100 years ago, horticulturalist Fabian Garcia planted the seeds for New Mexico's $400 million chile-pepper industry.

By David A. Fryxell

Next autumn, when the smoky tang of roasting chiles perfumes the air and freshly harvested New Mexico peppers pile in supermarkets and roadside stands like summer in a bag, pause a moment to say a silent thanks to Fabian Garcia. Without Garcia, a pioneering horticulturalist and the first director of the Agricultural Experiment Station at what's now New Mexico State University, the official state question might not be "Red or green?" Nor would we have the appropriately seasonal response of "Christmas," meaning both.

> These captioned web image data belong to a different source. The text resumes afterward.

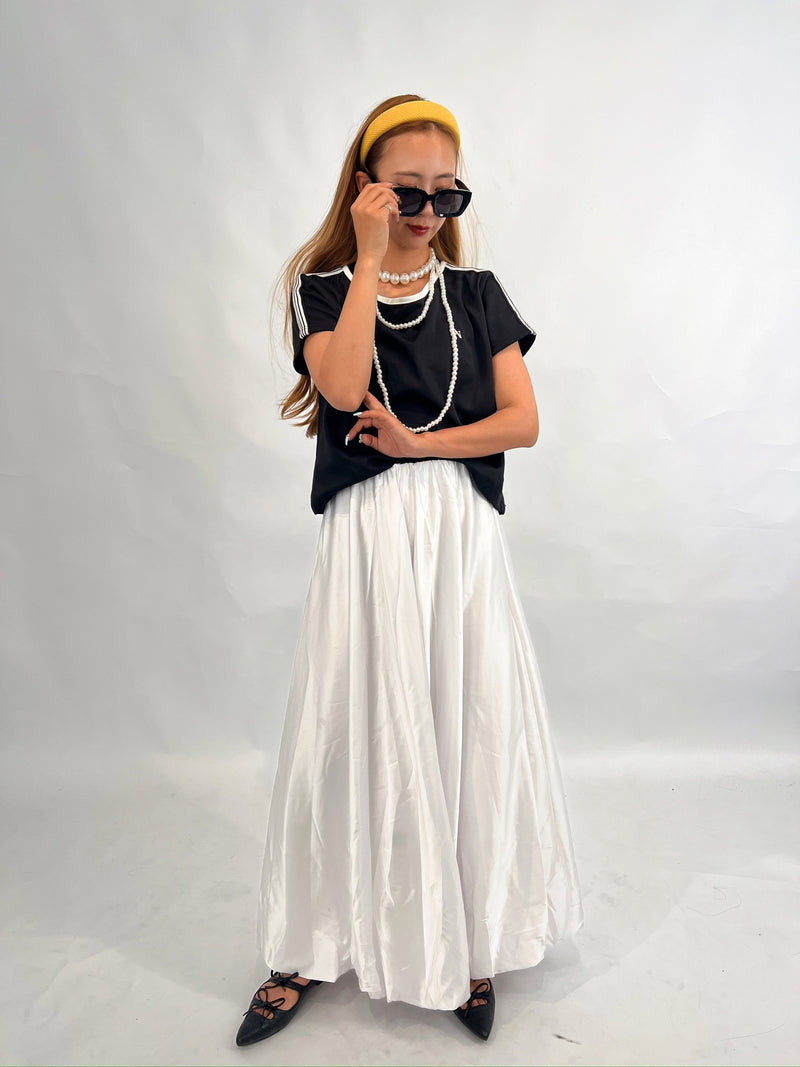 Balloon Maxi Skirt – White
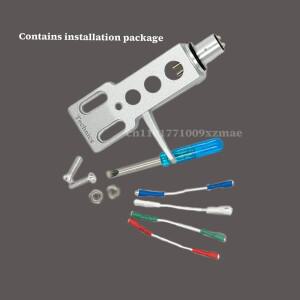 1세트 턴테이블 범용 카트리지 헤드 쉘 스타일러스 홀더 LP 비닐 픽업 레코드 플레이어 축음기 은색 와이어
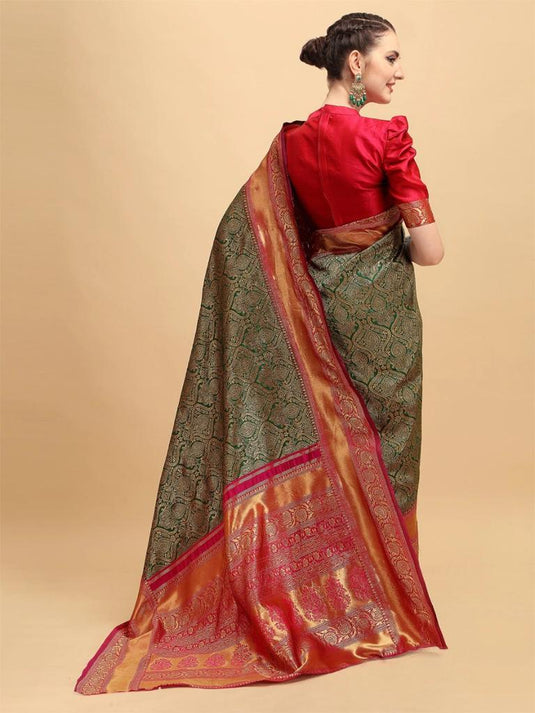 Beautiful Rich Pallu & Jaccquard Work On All Over Saree - thevendorvilla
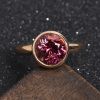 18K金镶钻巴西天然红碧玺戒指-红掌柜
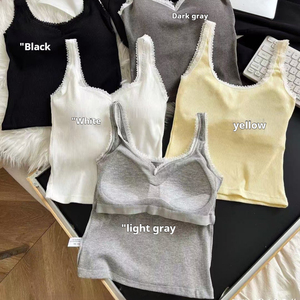 Canottiera da donna <span class=keywords><strong>canotta</strong></span> con filetto Racerback canottiera da donna <span class=keywords><strong>canotta</strong></span> da donna in pizzo Cami <span class=keywords><strong>canotta</strong></span> in <span class=keywords><strong>cotone</strong></span> con reggiseno incorporato - Product Image 2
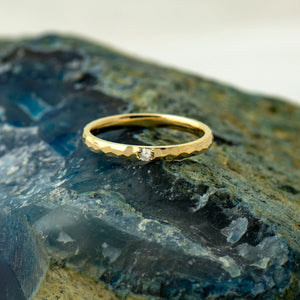 2 Mm Hammered Textured Ring, Single Diamond Ring, 14K / 18K Yellow Gold, Stack Diamond Band, Tiny Diamond Ring, Wedding Band, Promise Ring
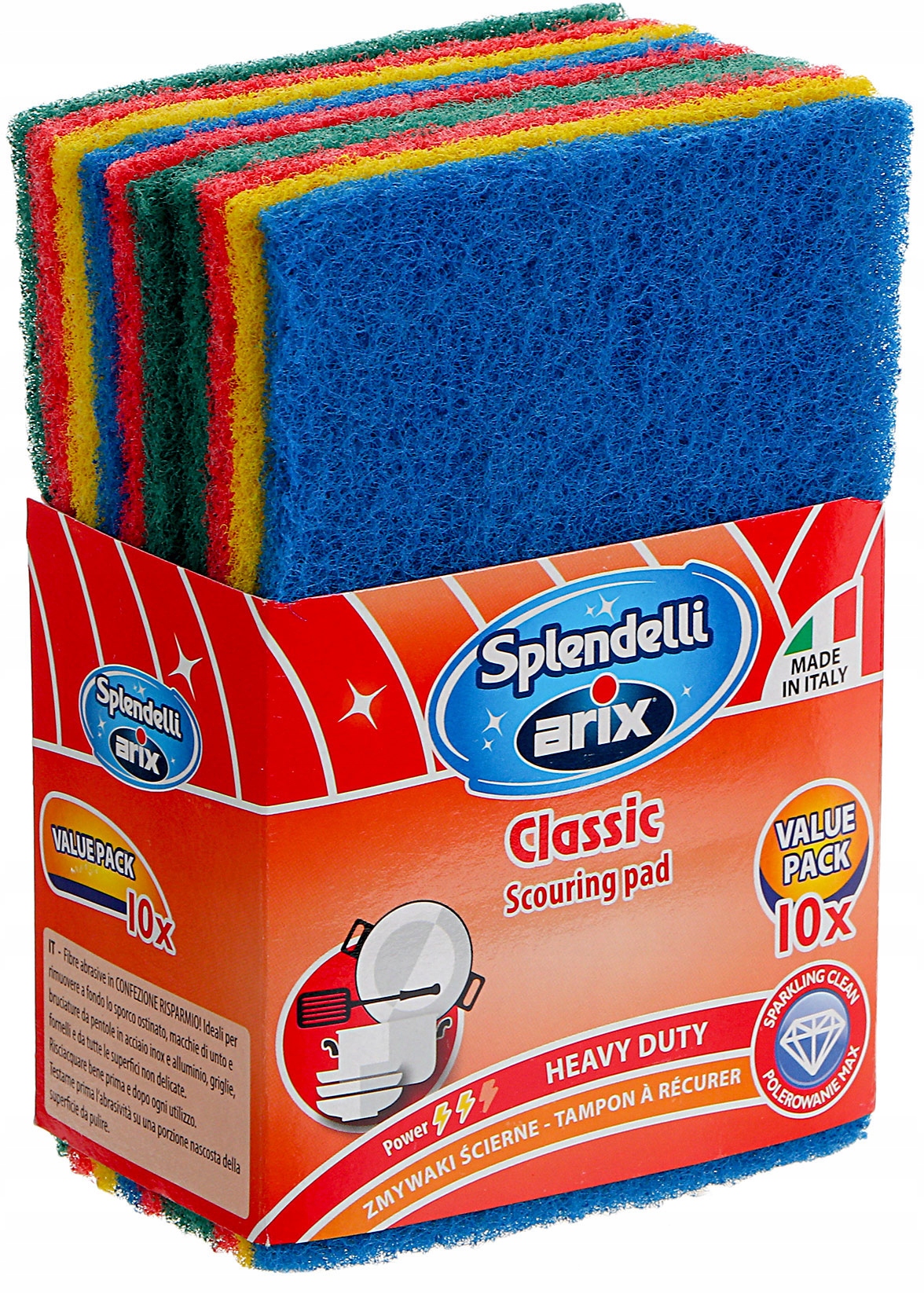 Lavete abrazive Arix Splendelli colorate pentru vesela 10buc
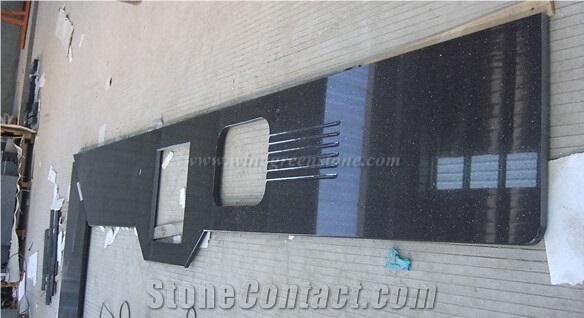 Black Galaxy Granite Kitchen Countertop,Black Granite Kitchen Countertops ,Bath Top,Island Top,Desk Top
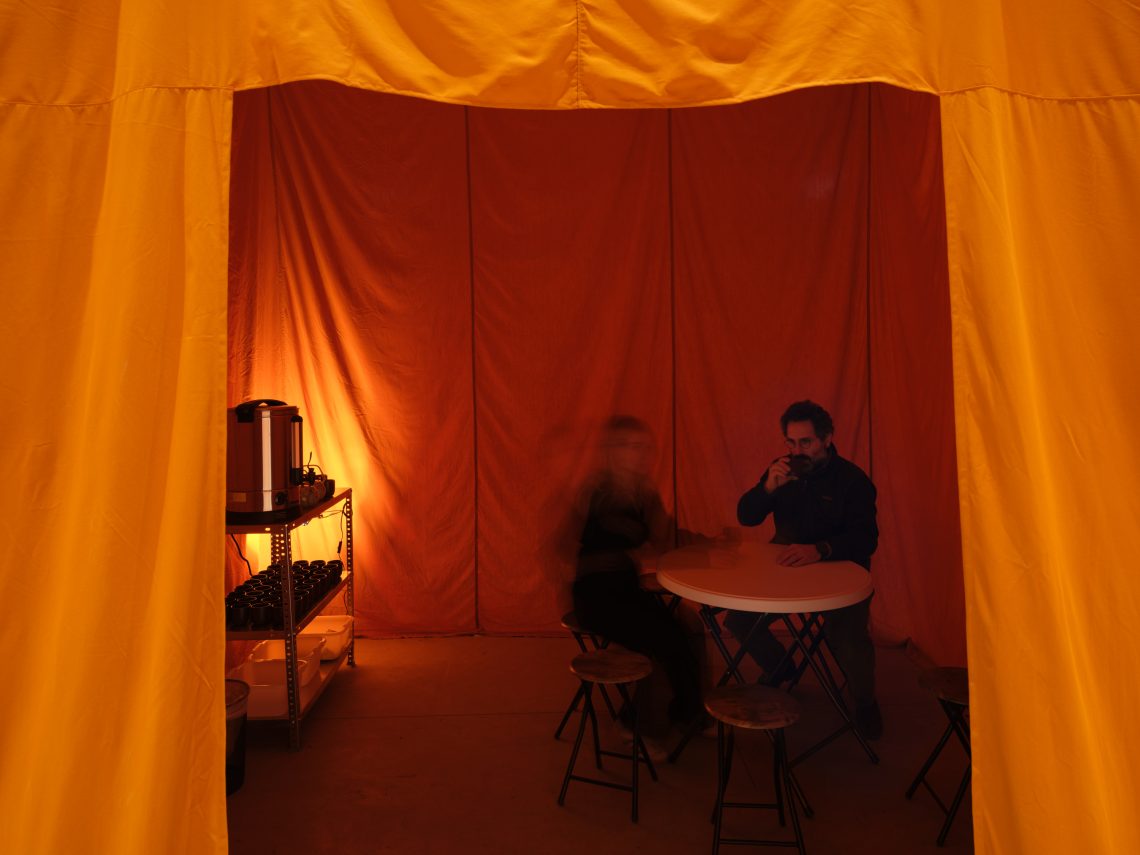 Rirkrit Tiravanija untitled 1992 (cure), 1992Installation view, Pirelli HangarBicocca, Milan, 2026 Exhibition copy Carnegie Museum of Art, Pittsburgh; A. W. Mellon Acquisition Endowment Fund, 2001.12 Courtesy the artist and Pirelli HangarBicocca, Milan Photo Agostino Osio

Fabian Garcia, "the father of the Mexican
food industry." (NMSU)

One hundred years ago, in 1907, Garcia began the chile-breeding work that would ultimately lead to the release, in 1921, of New Mexico No. 9 — the first standardized variety of the now-familiar New Mexico chile pepper. By creating a pod that growers as well as consumers could depend on in terms of size as well as "heat," Garcia made possible mass cultivation of "red or green" chile peppers and opened the door to the chile-processing and -canning industry. Today, more than 40,000 acres of New Mexico chiles — the further-hybridized descendants of New Mexico No. 9 — are under cultivation not only here but also in California, Arizona and Texas. About 16,000 of those acres are in New Mexico, producing more than 28 tons of red and green, mild and hot peppers.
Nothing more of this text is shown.